-- Stored data follows --
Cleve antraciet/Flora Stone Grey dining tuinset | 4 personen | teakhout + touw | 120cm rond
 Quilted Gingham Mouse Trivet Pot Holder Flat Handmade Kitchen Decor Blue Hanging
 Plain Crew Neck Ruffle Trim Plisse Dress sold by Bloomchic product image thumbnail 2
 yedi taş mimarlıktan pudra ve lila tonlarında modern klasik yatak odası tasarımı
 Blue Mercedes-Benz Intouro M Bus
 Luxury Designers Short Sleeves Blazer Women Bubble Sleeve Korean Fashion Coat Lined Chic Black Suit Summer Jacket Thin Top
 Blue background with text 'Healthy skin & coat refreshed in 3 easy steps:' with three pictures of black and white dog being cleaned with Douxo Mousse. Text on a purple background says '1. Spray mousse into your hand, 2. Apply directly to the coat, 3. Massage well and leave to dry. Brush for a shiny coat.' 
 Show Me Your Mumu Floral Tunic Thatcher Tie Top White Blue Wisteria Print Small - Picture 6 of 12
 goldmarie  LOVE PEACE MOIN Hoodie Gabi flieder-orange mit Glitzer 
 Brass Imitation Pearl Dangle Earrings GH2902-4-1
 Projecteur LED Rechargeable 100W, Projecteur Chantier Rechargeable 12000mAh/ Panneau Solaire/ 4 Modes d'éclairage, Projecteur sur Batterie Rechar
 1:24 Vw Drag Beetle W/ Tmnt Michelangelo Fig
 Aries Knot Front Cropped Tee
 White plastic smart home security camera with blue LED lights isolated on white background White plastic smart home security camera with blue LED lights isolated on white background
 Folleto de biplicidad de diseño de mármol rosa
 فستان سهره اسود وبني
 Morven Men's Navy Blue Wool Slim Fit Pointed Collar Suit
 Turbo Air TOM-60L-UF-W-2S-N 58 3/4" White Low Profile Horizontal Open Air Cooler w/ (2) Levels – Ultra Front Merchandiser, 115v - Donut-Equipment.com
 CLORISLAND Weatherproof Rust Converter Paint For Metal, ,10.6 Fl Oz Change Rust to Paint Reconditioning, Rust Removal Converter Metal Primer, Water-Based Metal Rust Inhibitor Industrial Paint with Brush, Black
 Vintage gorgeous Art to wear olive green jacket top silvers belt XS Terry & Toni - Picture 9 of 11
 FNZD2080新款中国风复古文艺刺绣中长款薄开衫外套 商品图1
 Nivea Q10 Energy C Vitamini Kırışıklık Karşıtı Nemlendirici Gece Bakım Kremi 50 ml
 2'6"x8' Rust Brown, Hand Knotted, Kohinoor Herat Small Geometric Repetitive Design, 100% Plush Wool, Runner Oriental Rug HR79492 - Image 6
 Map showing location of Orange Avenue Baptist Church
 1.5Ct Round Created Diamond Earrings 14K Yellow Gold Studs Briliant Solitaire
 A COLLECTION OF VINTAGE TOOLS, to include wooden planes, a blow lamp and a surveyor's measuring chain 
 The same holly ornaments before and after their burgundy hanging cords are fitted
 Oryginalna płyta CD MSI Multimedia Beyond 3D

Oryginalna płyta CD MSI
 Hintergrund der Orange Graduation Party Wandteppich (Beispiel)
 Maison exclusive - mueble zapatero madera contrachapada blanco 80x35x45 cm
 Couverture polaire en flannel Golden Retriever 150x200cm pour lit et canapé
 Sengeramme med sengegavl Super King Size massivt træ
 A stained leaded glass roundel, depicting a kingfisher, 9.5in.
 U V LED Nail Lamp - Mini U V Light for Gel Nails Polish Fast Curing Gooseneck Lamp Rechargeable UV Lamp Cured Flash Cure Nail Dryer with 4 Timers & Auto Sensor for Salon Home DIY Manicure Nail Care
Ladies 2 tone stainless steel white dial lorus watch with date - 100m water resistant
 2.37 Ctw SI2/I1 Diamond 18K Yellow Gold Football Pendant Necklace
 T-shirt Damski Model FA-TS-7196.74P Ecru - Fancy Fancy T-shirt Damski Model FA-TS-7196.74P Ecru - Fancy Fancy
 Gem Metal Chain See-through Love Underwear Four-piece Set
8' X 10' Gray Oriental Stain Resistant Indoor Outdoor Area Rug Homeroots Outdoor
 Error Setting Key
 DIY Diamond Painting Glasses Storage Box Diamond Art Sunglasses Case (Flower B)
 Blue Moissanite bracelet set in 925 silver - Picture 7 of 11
-- Stored data concluded --
» Instructions for the task
Set down precisely the lines above between the line holding "Hintergrund der Orange" and the line holding "2.37 Ctw SI2/I1", inclusive, and nothing beyond them.

» Answer below
 Hintergrund der Orange Graduation Party Wandteppich (Beispiel)
 Maison exclusive - mueble zapatero madera contrachapada blanco 80x35x45 cm
 Couverture polaire en flannel Golden Retriever 150x200cm pour lit et canapé
 Sengeramme med sengegavl Super King Size massivt træ
 A stained leaded glass roundel, depicting a kingfisher, 9.5in.
 U V LED Nail Lamp - Mini U V Light for Gel Nails Polish Fast Curing Gooseneck Lamp Rechargeable UV Lamp Cured Flash Cure Nail Dryer with 4 Timers & Auto Sensor for Salon Home DIY Manicure Nail Care
Ladies 2 tone stainless steel white dial lorus watch with date - 100m water resistant
 2.37 Ctw SI2/I1 Diamond 18K Yellow Gold Football Pendant Necklace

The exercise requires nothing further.